Collected data entries:
——————
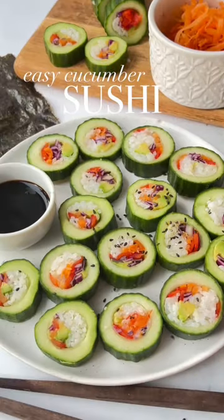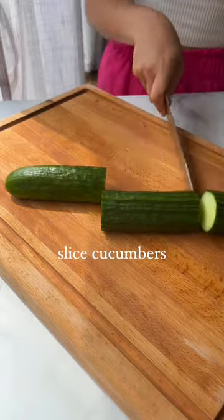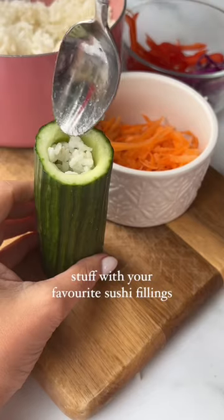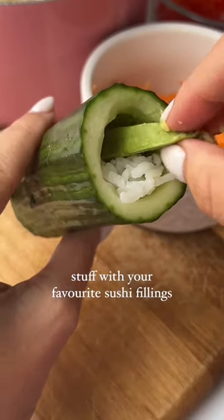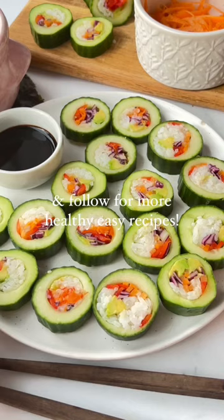It's cucumber season and one recipe you need to try is this easy cucumber sushi. Just slice your cucumbers, hollow them out, and fill with your favorites. I use sushi rice, avocado, bell pepper, cabbage, and carrot, but you do you. Tag a friend who needs to make this and remember to follow for more healthy recipes.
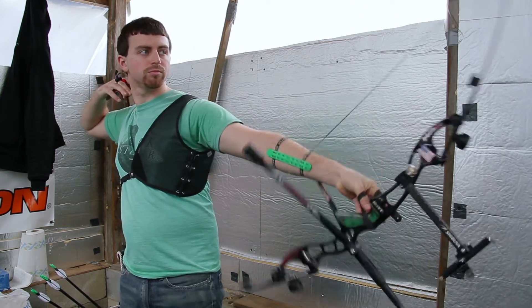Target archery is governed internationally by World Archery, which has its own World Championship tournaments, indoor and outdoor, as well as the World Cup event series. These events are for skilled archers shooting to represent their country on an international stage.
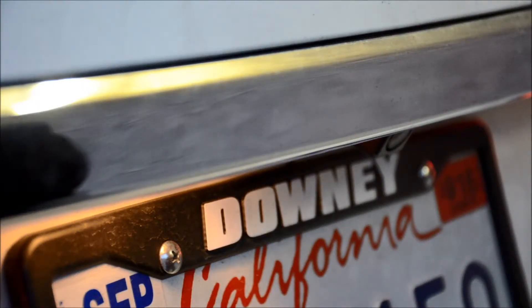Hi guys, welcome to JDMAstar.com. My name is Jose Cornejo and today we're going to discuss a few troubleshooting steps on how to correct power failures with our T10 bulbs.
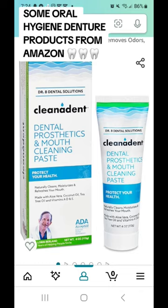I also repurchased my Dr. B's denture toothpaste and gum toothpaste — the only toothpaste you can use in your mouth and on your dentures.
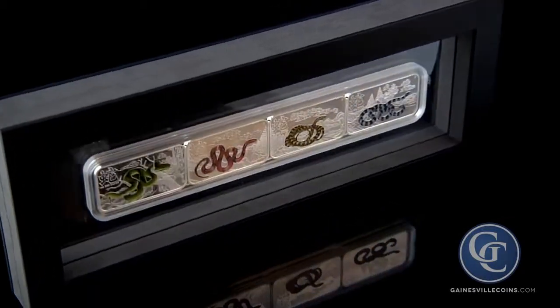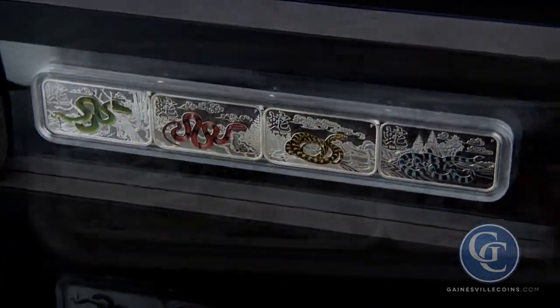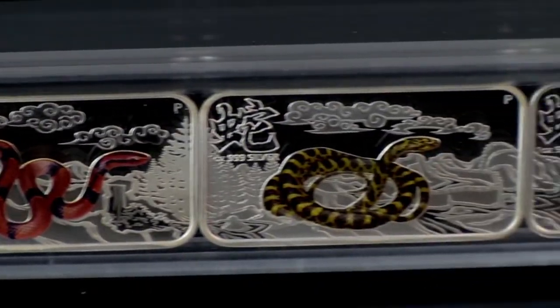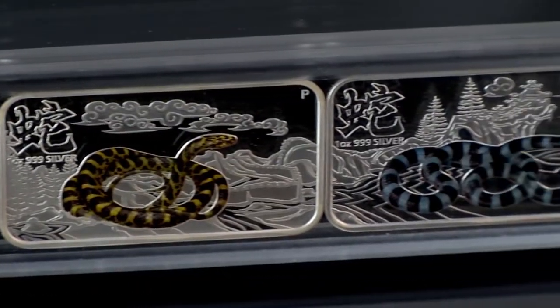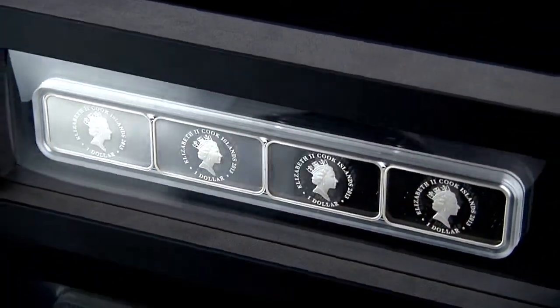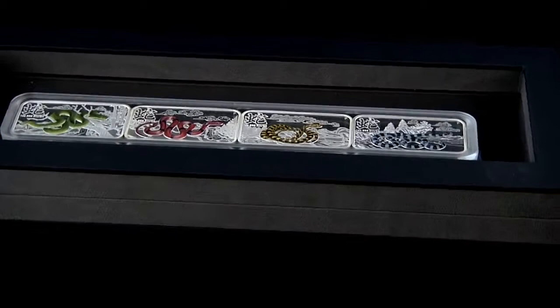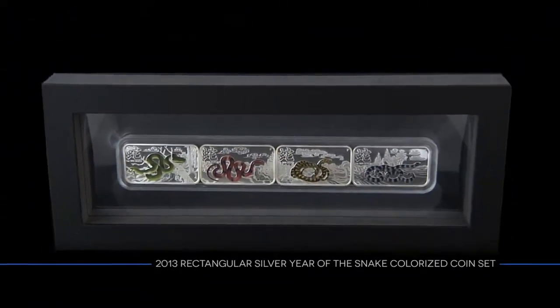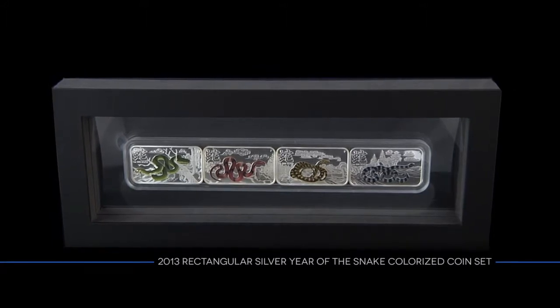The 2013 Rectangular Silver Year of the Snake Colorized Coin Set features a brilliant image of four different snakes, each with a different background. These proof silver 1 ounce coins are illustrated using layers of a special enamel and come in an innovative display piece. The 2013 Rectangular Silver Year of the Snake Colorized Coin Set.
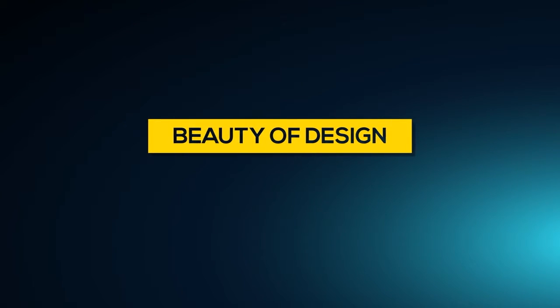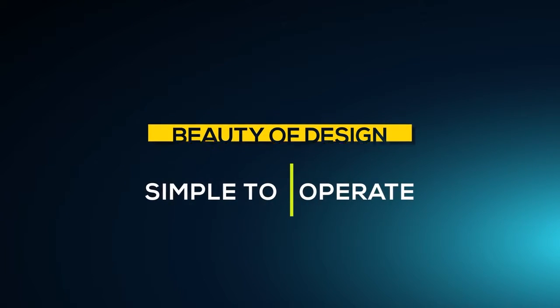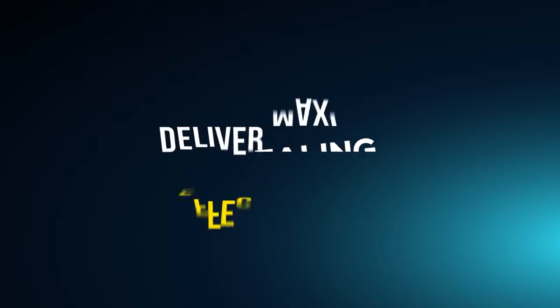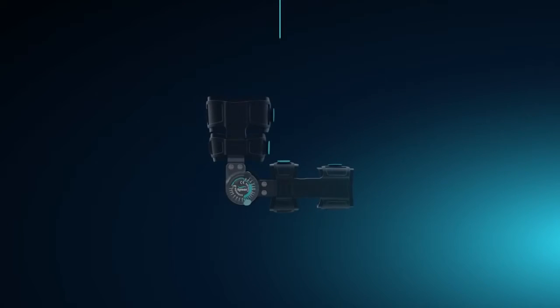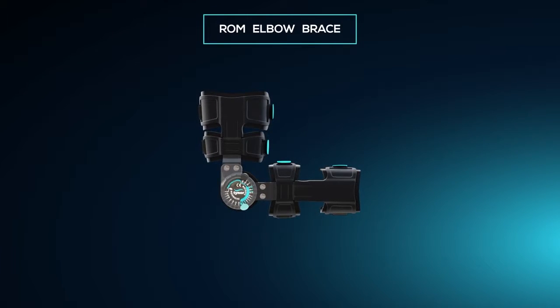The beauty of design is when a product is simple to operate, appealing in looks, and delivers maximum effectiveness. Tynoil brings you this beauty in the new range of Motion Elbow Brace.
——————
* [Exercise objective] Each entry must be retyped word for word, with every image omitted.

* [Task solution]
It's cucumber season and one recipe you need to try is this easy cucumber sushi. Just slice your cucumbers, hollow them out, and fill with your favorites. I use sushi rice, avocado, bell pepper, cabbage, and carrot, but you do you. Tag a friend who needs to make this and remember to follow for more healthy recipes.
Target archery is governed internationally by World Archery, which has its own World Championship tournaments, indoor and outdoor, as well as the World Cup event series. These events are for skilled archers shooting to represent their country on an international stage.
Hi guys, welcome to JDMAstar.com. My name is Jose Cornejo and today we're going to discuss a few troubleshooting steps on how to correct power failures with our T10 bulbs.
I also repurchased my Dr. B's denture toothpaste and gum toothpaste — the only toothpaste you can use in your mouth and on your dentures.
The 2013 Rectangular Silver Year of the Snake Colorized Coin Set features a brilliant image of four different snakes, each with a different background. These proof silver 1 ounce coins are illustrated using layers of a special enamel and come in an innovative display piece. The 2013 Rectangular Silver Year of the Snake Colorized Coin Set.
The beauty of design is when a product is simple to operate, appealing in looks, and delivers maximum effectiveness. Tynoil brings you this beauty in the new range of Motion Elbow Brace.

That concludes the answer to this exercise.